Value added in percent of country's GDP

From an economic perspective, the epidemic represents a combination of three shocks: a demand, a supply and a confidence shock. On the demand side various transmission channels can be distinguished. Chinese household consumption declines because people have to stay home, suffer an income loss, feel uncertain and hence postpone big ticket purchases. Foreign travel declines as well as purchases of foreign goods, so imports decline. Public spending will increase slightly –investment in health care facilities- or perhaps more significantly to support growth. Corporate investment will decline because of reduced demand but in particular, increased uncertainty.

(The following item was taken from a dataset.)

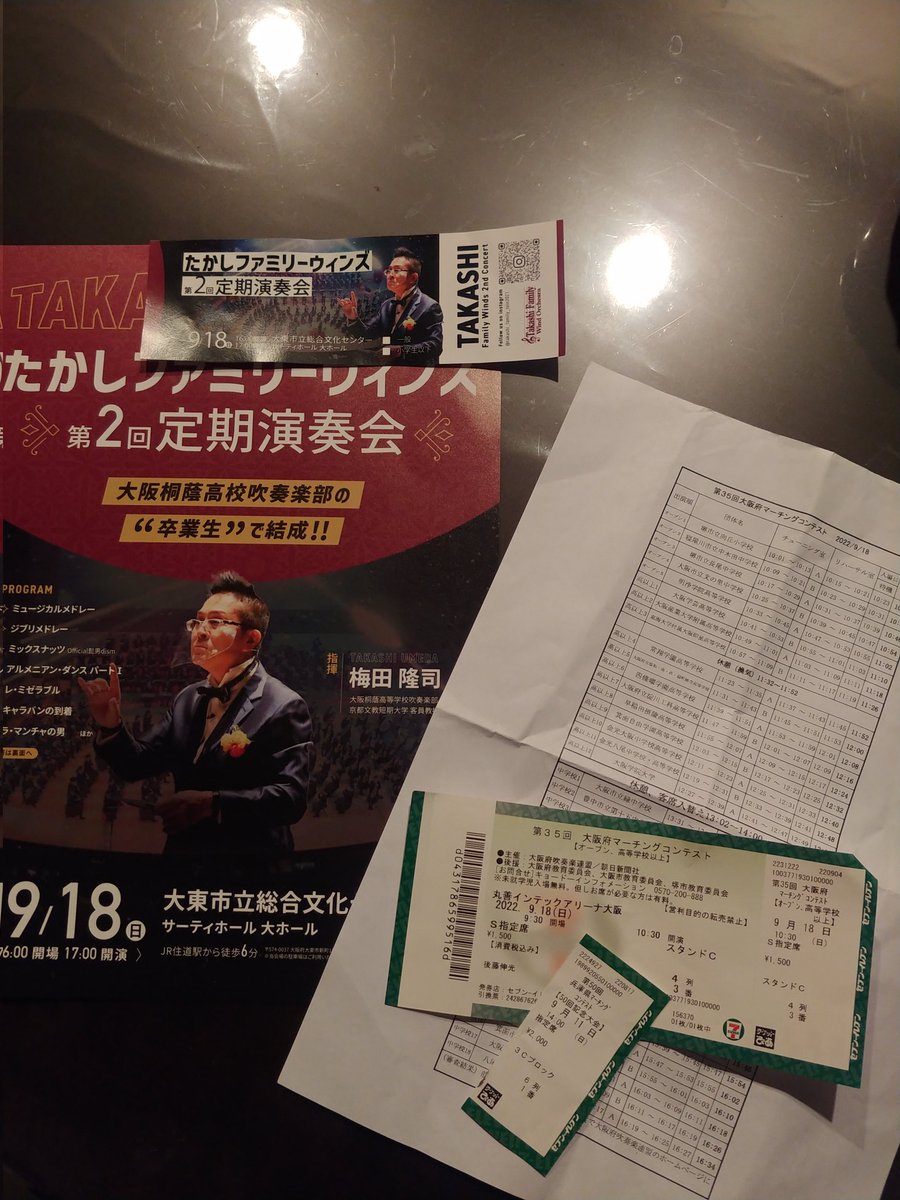 gotoland's tweet photo. 吹奏が好きになったきっかけは今年元日に偶然YouTubeで観た大阪桐蔭13期生の卒業公演でした。生で観たかったと時間が戻って欲しかった。が、今日卒業生による公演で夢が叶いました、感激。感激度でいうと20年に1度レベルでした。
#吹奏楽 #大阪桐蔭 #大阪桐蔭吹奏楽13期生 #たかしファミリーウインズ https://t.co/ojaRk2D0f9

In terms of impact on the rest of the world, the decline of Chinese imports and tourism represents a direct spillover effect. Sector effects can be huge, think of tourism, restaurants, the IT sector, commodities or the automobile industry. . Countries which experience a decline in Chinese demand will in turn import less intermediate inputs that go in their exports. The relevant metric in assessing the exposure to a growth shock in China is how much value added from a given country is embedded in Chinese final demand -domestic and exports. This in turn can be related to the country’s GDP. As shown in the chart, this weight is for most countries very small. It is estimated that the SARS epidemic in 2003 represented a hit to Chinese GDP of 1%. Of course, the weight of China in global GDP now is a multiple of what it was in 2003[1], but even assuming a considerable drop in Chinese growth, the table indicates that the effect would be small. Clearly, this does not take into account the indirect consequences such as negative multiplier effects, a drop in confidence and supply disruptions. Concerning this last point, the situation is very much different compared to 2003 when there were no factory shutdowns in China. The global repercussions are also of a much bigger scale due to the integration of China in global value chains. Mounting anecdotal evidence at Western companies suffering from disruption of supplies coming from China –e.g. mobile phone, automobile sector- may even lead to an overestimation of true macro impact.

An epidemic is a temporary shock so the question is how the recovery will look like. V in case the number of new victims declines swiftly, which would mean that uncertainty drops quickly, unleashing  pent-up demand in China and restocking, with positive global repercussions. U if the peak in new victims is reached several weeks later, in which case both consumption and production will be disrupted for a longer period. Global uncertainty would increase, weighing on corporate investment, financial markets, hiring decisions. L would be a more extreme version, with an initial hit to growth and no recovery in the foreseeable future. Such a scenario seems as yet quite unlikely. We have to brace for poor data in February and March, so real test is whether April sees pick-up in business surveys. Absence thereof would fuel concerns that the impact is more lasting nature which would put us in a U-type scenario.

[1] Based on IMF World Economic Outlook data, China represented 4.3% of world GDP in 2003 and 16.5% in 2019.